PROMPT - Find the line with "4 Pc Bath Main" in the entries below, then output every line from it down to the line with "Saul Tarpa Messenger", exactly and with no pictures.
Start of EXTRACTED RECORDS
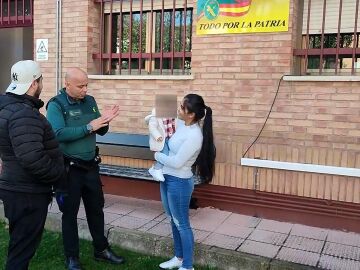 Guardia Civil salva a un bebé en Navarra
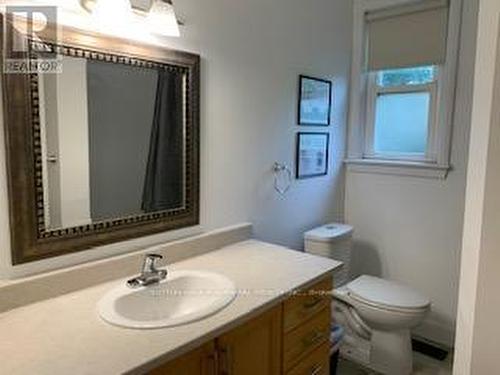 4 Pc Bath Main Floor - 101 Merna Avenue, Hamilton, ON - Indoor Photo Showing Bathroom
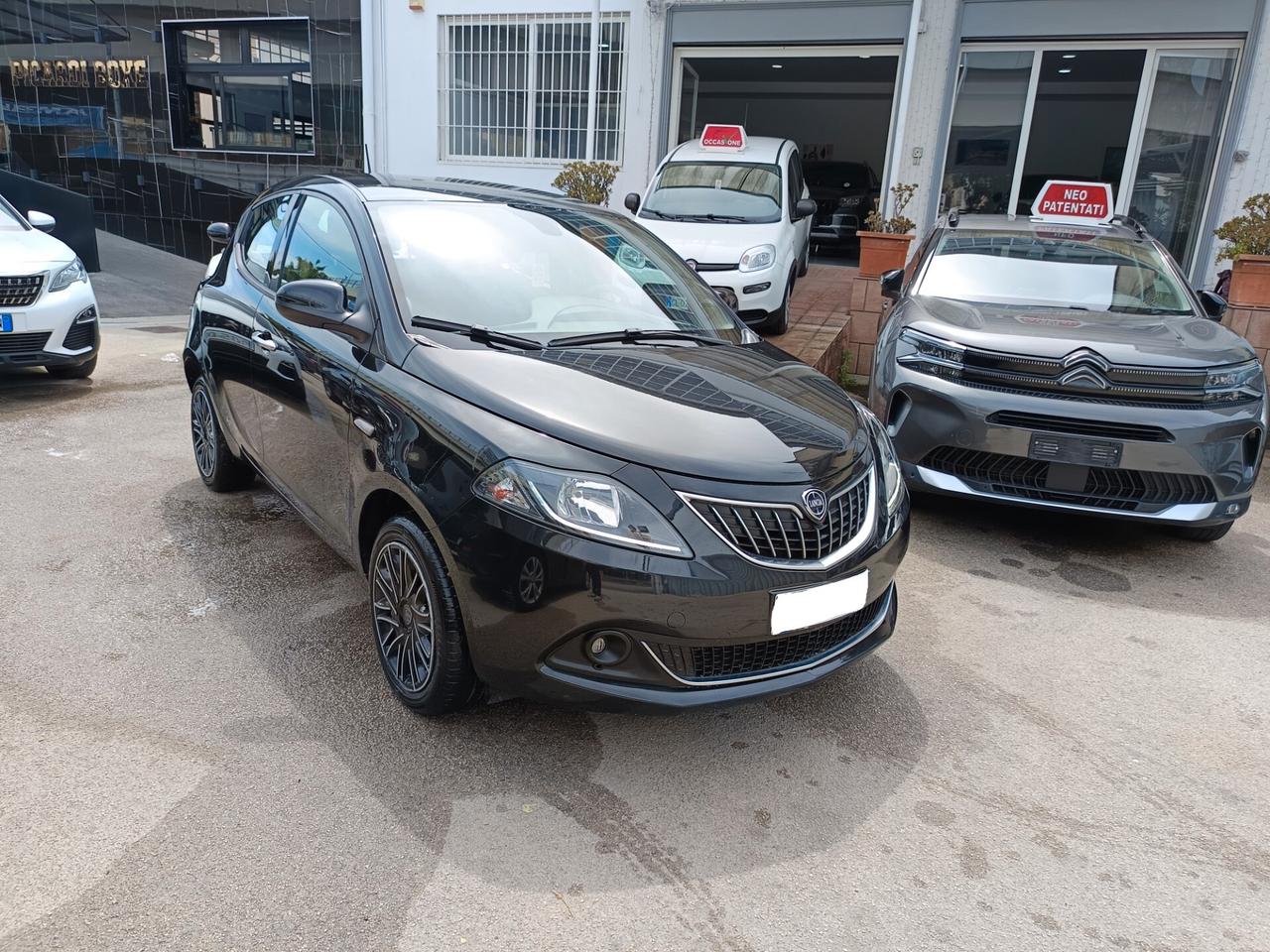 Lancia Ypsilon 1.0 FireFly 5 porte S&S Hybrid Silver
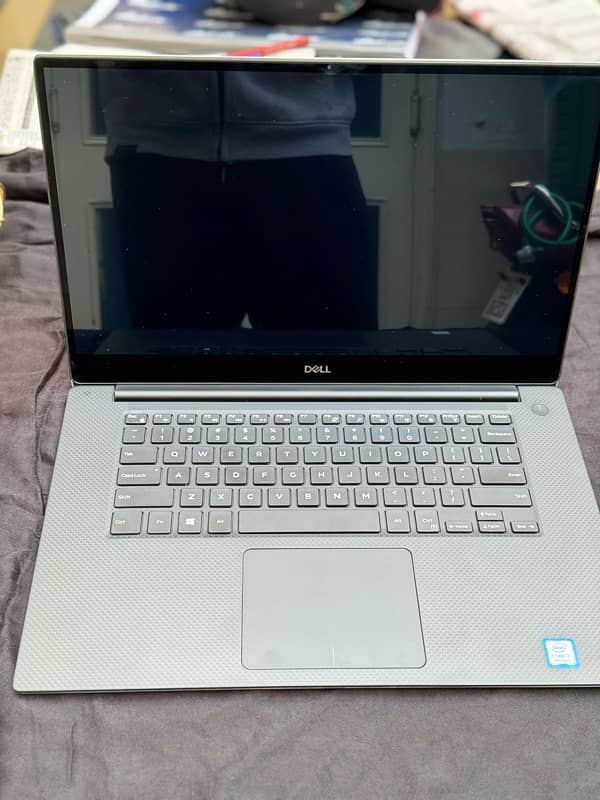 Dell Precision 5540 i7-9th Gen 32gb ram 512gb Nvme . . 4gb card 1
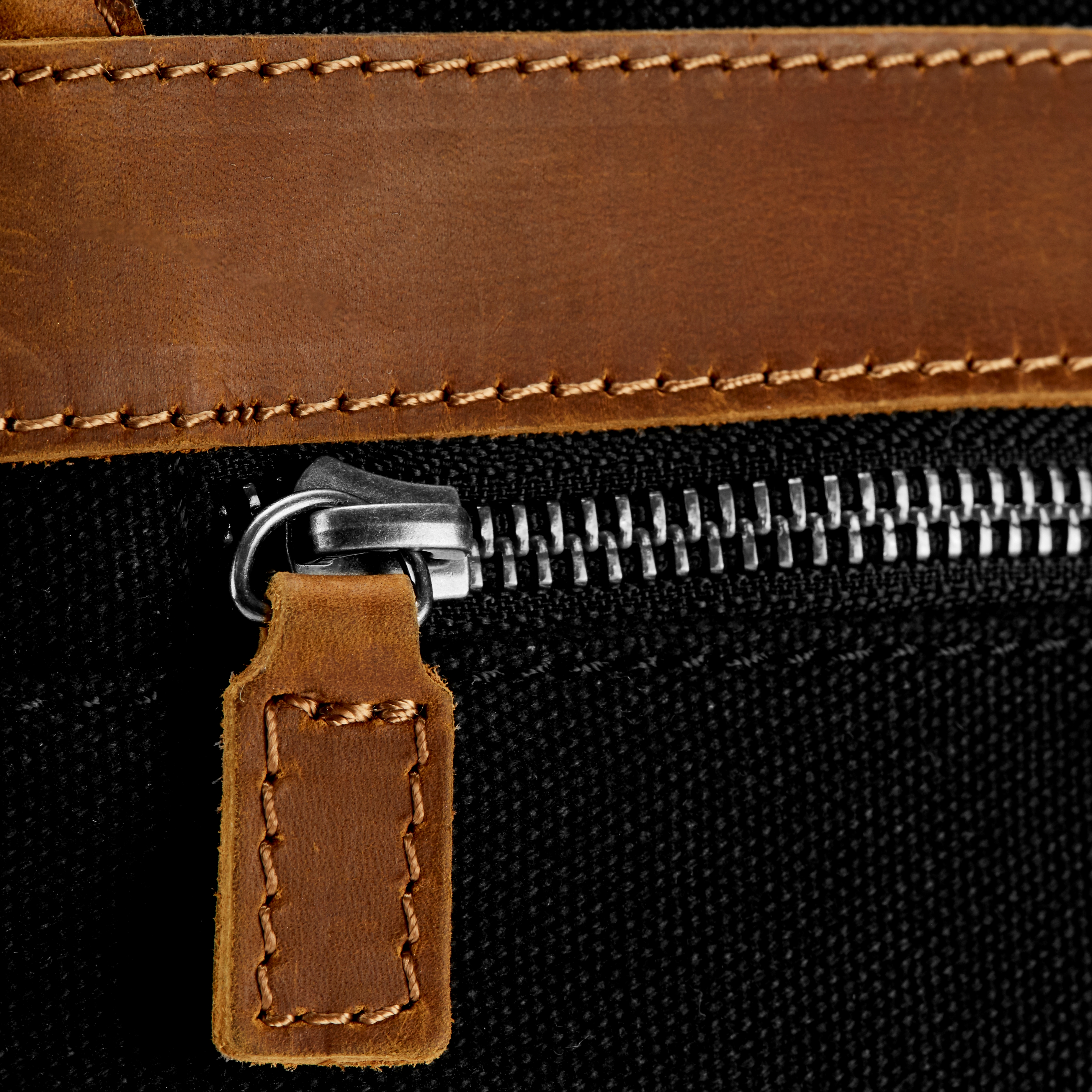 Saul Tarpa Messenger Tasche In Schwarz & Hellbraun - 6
End of EXTRACTED RECORDS
Start of EXTRACTED RECORDS
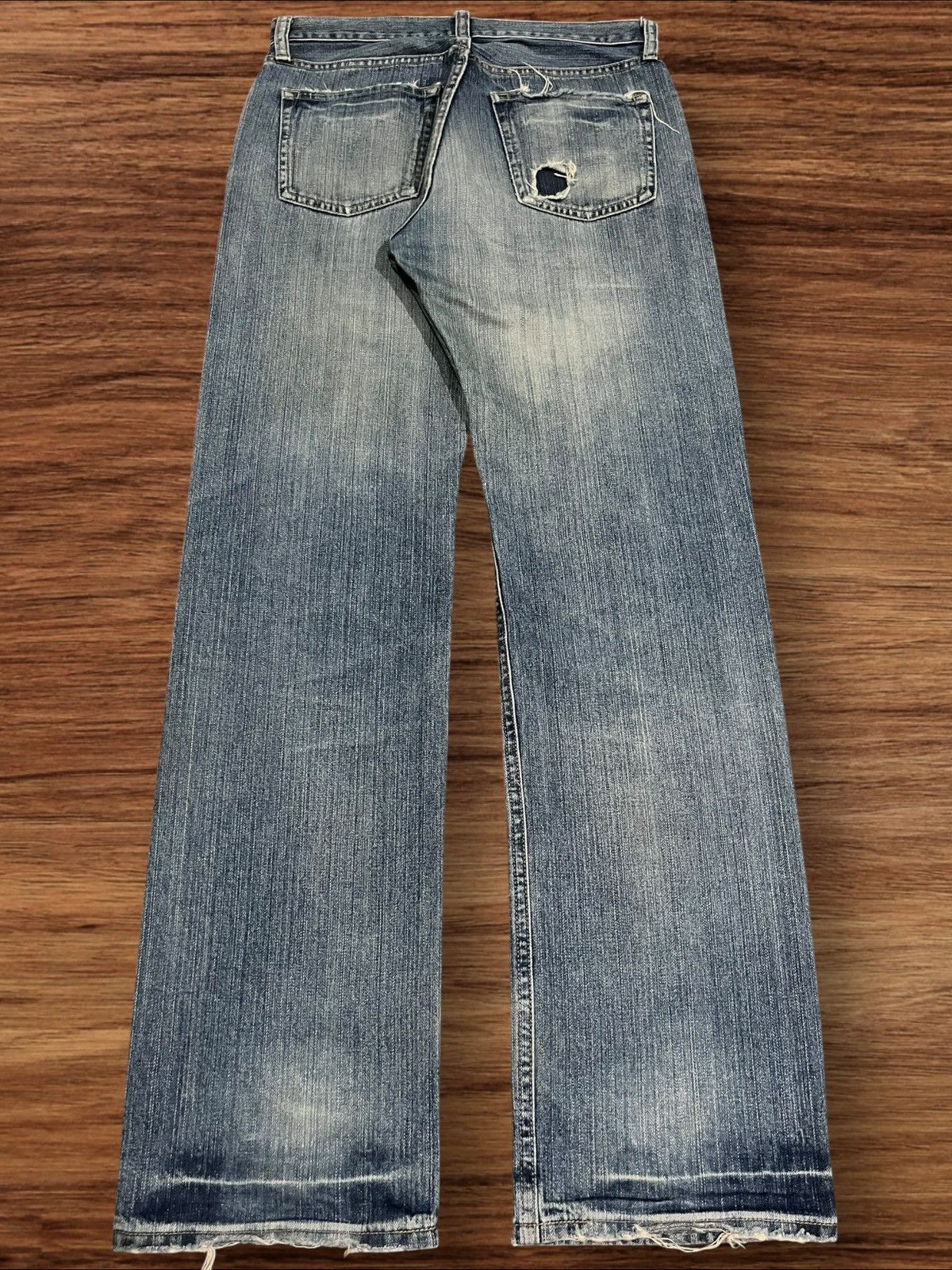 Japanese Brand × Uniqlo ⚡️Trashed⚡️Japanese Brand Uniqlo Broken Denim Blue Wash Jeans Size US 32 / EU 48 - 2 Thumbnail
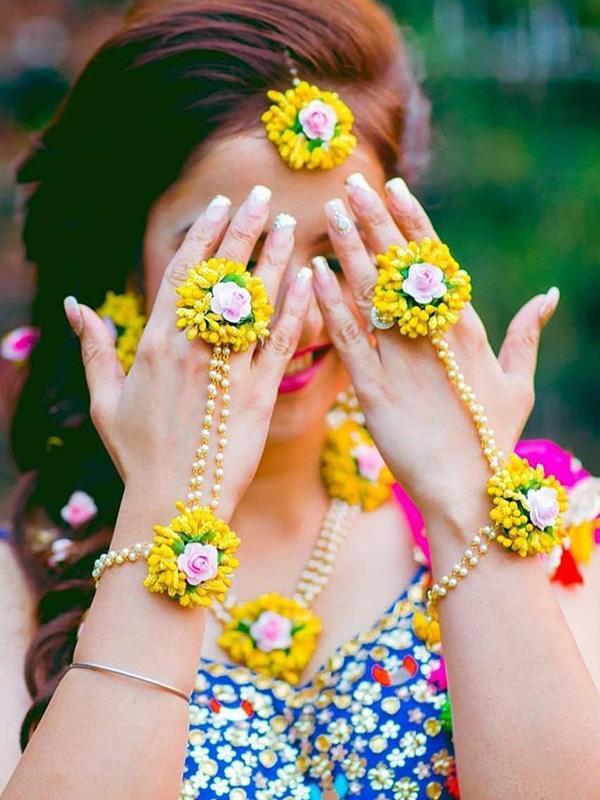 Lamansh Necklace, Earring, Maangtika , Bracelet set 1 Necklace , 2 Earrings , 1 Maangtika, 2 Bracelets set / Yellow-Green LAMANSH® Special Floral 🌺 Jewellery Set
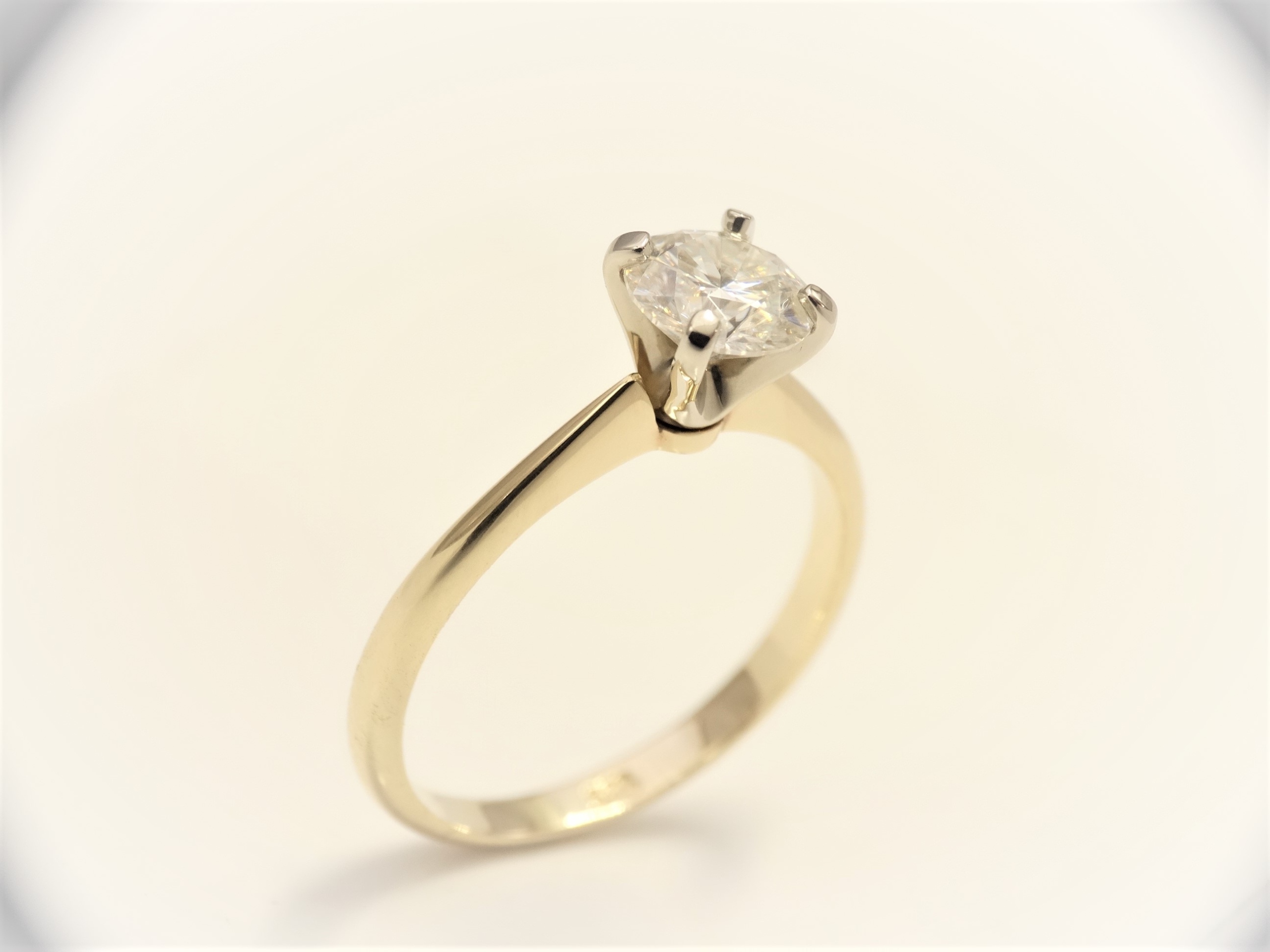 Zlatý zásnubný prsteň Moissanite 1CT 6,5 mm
End of EXTRACTED RECORDS
PROBLEM SOLUTION -
 4 Pc Bath Main Floor - 101 Merna Avenue, Hamilton, ON - Indoor Photo Showing Bathroom
 Lancia Ypsilon 1.0 FireFly 5 porte S&S Hybrid Silver
 Dell Precision 5540 i7-9th Gen 32gb ram 512gb Nvme . . 4gb card 1
 Saul Tarpa Messenger Tasche In Schwarz & Hellbraun - 6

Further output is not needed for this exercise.